→ What the exercise asks:
Only the closing stretch of the material belongs in the answer: the line containing "this 860×450 image." and every line after it, copied exactly.

>>>

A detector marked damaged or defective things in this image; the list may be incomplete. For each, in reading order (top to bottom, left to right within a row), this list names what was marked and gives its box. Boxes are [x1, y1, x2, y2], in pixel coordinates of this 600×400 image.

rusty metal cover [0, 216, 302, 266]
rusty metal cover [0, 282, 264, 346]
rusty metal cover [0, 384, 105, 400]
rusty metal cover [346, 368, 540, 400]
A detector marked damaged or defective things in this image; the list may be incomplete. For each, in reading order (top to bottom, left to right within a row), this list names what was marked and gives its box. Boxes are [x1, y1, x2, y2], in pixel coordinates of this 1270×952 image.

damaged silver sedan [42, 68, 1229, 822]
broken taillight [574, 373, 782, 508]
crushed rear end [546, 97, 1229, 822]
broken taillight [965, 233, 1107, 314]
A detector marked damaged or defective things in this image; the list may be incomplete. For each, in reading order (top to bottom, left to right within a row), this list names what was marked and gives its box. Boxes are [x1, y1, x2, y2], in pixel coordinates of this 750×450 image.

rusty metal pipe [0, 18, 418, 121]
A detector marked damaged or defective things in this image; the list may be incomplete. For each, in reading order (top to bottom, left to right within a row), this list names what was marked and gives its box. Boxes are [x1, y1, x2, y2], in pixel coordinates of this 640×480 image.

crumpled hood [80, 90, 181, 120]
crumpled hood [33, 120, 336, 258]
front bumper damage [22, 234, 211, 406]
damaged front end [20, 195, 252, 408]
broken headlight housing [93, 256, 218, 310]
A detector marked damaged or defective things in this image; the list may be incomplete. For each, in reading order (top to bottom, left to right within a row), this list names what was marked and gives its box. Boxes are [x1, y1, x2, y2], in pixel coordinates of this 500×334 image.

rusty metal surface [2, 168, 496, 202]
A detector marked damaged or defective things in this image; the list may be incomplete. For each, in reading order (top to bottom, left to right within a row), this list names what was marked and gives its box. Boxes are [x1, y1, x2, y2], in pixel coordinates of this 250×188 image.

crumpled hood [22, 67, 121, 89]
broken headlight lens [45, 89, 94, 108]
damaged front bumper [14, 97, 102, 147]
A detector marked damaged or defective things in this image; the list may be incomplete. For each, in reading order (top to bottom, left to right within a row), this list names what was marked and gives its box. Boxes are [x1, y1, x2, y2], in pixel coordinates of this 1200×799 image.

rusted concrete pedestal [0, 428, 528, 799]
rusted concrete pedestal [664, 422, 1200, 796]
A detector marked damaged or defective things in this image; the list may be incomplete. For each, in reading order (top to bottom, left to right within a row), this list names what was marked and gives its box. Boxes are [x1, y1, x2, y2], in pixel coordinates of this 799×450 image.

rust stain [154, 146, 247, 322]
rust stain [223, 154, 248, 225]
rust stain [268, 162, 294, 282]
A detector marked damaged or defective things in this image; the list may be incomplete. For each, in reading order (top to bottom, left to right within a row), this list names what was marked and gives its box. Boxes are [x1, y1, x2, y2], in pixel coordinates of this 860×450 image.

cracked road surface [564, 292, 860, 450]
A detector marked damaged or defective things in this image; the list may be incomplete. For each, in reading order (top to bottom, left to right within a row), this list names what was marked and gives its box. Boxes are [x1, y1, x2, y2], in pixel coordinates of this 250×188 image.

<<<

→ Answer for this exercise:
A detector marked damaged or defective things in this image; the list may be incomplete. For each, in reading order (top to bottom, left to right within a row), this list names what was marked and gives its box. Boxes are [x1, y1, x2, y2], in pixel coordinates of this 860×450 image.

cracked road surface [564, 292, 860, 450]
A detector marked damaged or defective things in this image; the list may be incomplete. For each, in reading order (top to bottom, left to right within a row), this list names what was marked and gives its box. Boxes are [x1, y1, x2, y2], in pixel coordinates of this 250×188 image.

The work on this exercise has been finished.